Aproximamo-nos do final da mais bela época do ano no Québec. Nesta altura, as temperaturas exteriores durante a noite mantêm-se geralmente entre zero e os oito a nove graus centígragos negativos, pelo menos até meados de Dezembro. Muitas vezes, como está a acontecer este ano, ainda está por instalar o alvo manto de neve, com o qual invariavelmente, dentro de poucos dias, teremos de coabitar até finais de Março.

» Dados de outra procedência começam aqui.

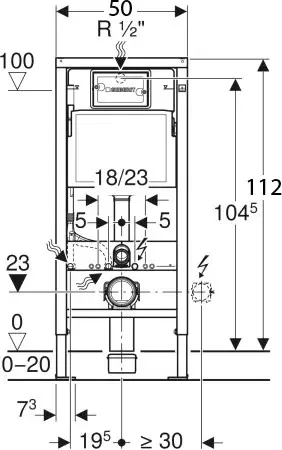 Инсталляция Geberit Duofix для подвесного унитаза, 112 см, со смывным бачком Delta 12 см, смывная клавиша Delta30, крепёж к стене, Хром 458.163.21.1 Инсталляция Geberit Duofix для подвесного унитаза, 112 см, со смывным бачком Delta 12 см, смывная клавиша Delta30, крепёж к стене, Хром 458.163.21.1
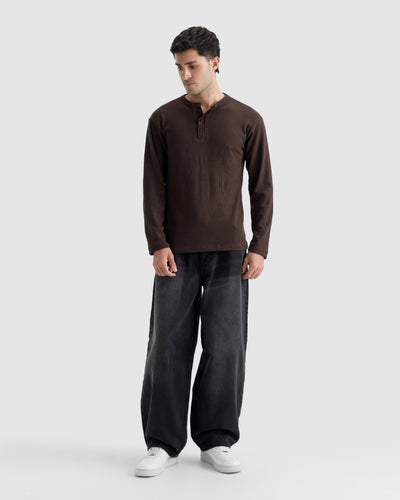 Waffle-Knit Henley Tshirt
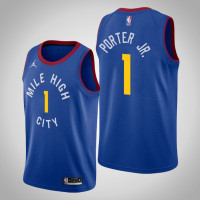 2020-21 Denver Nuggets Michael Porter Jr. #1 Statement Jordan Brand Blue Jersey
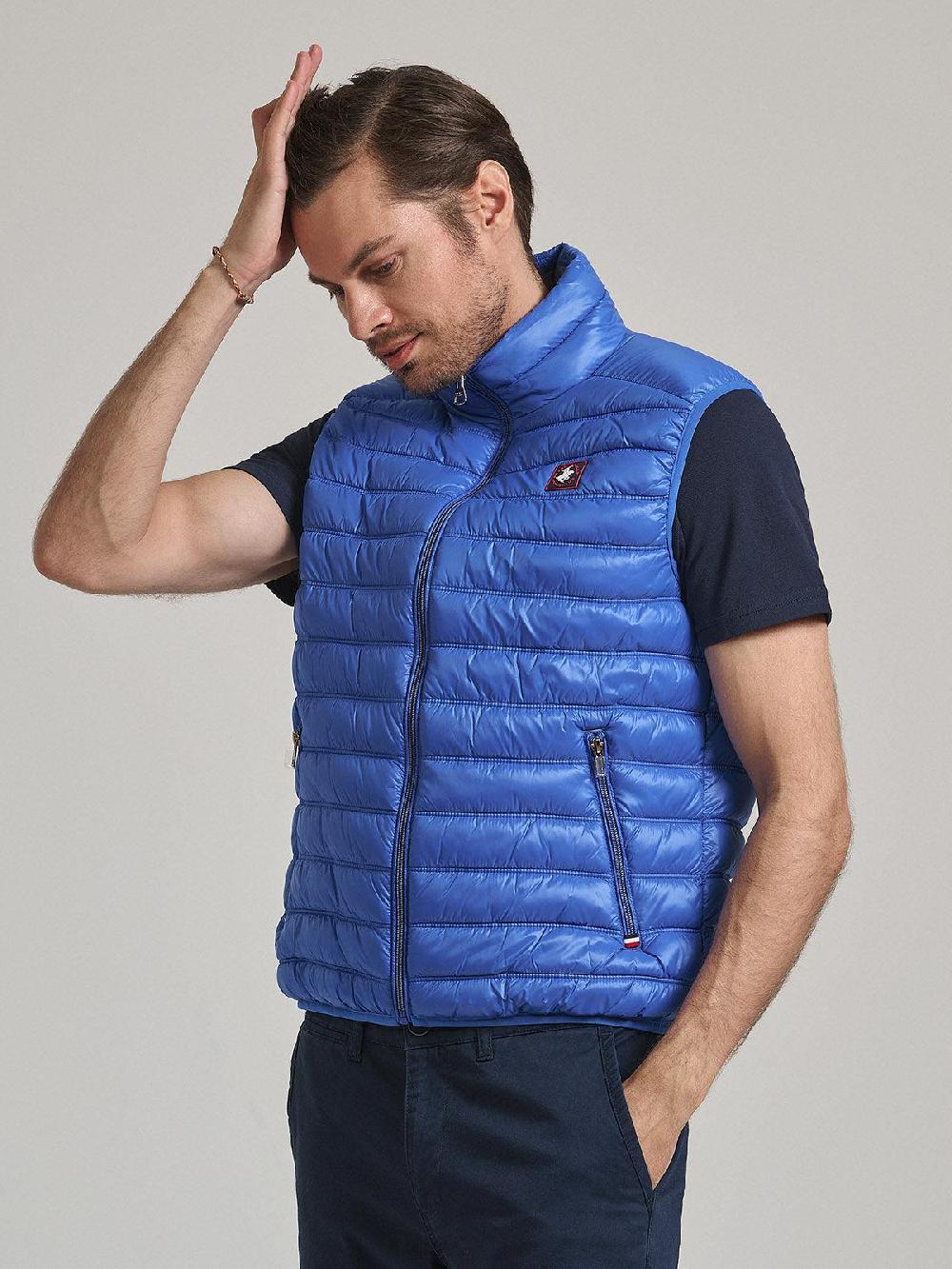 beverly hills polo club BADGE LOGO GILET IMPERIAL BLUE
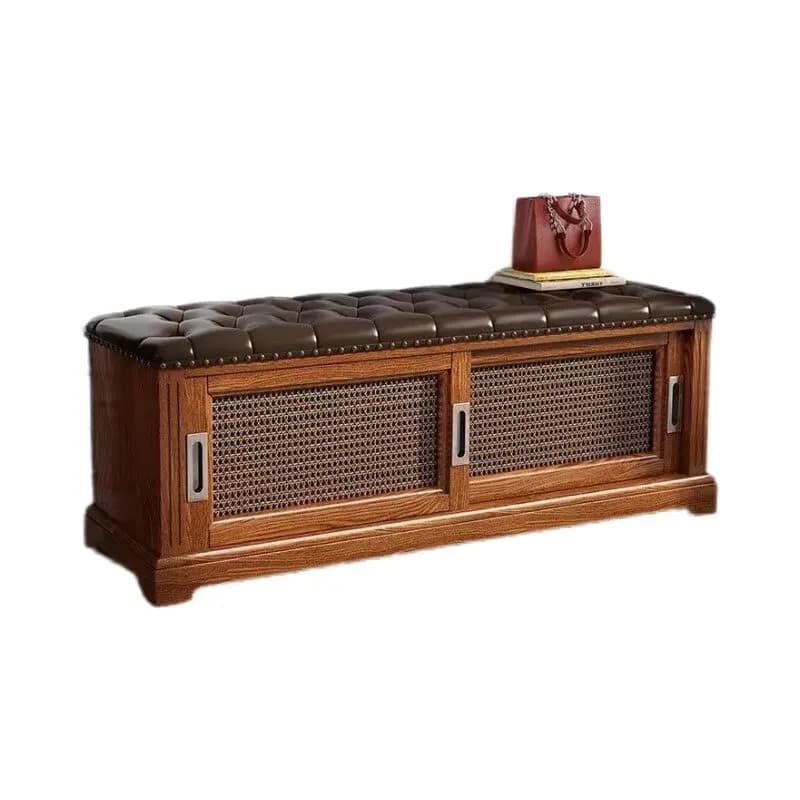 Solid wood shoe changing stool household door multi-functional sliding door shoe cabinet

Esta é uma época ideal para desfrutar de agradáveis passeios noturnos, seja nas zonas verdes da grande cidade, ou, como no nosso caso, nos amplos espaços da fronteira entre a cidade e o campo, onde a partir do fim do dia, e devido à pequeníssima densidade populacional, pois as casas não vão normalmente além de dois pisos, se começa a ver uma ligeira camada de geada (a mesma geada dos frios «intensos» dos Invernos da nossa meninice e adolescência no Chão da Parada) sobre a relva verde dos jardins, entretanto imaculavelmente limpos de todas as folhas caídas durante os meses de Outubro e Novembro.

Até há ainda bem pouco tempo podia avistar-se ao longe, do outro lado do rio São Lourenço, no sopé da montanha do Mont Royal, o fumo que saía das inúmeras chaminés das casas de Montreal, e se os ventos fossem favoráveis sentir-se mesmo os odores da lenha queimada nas suas lareiras.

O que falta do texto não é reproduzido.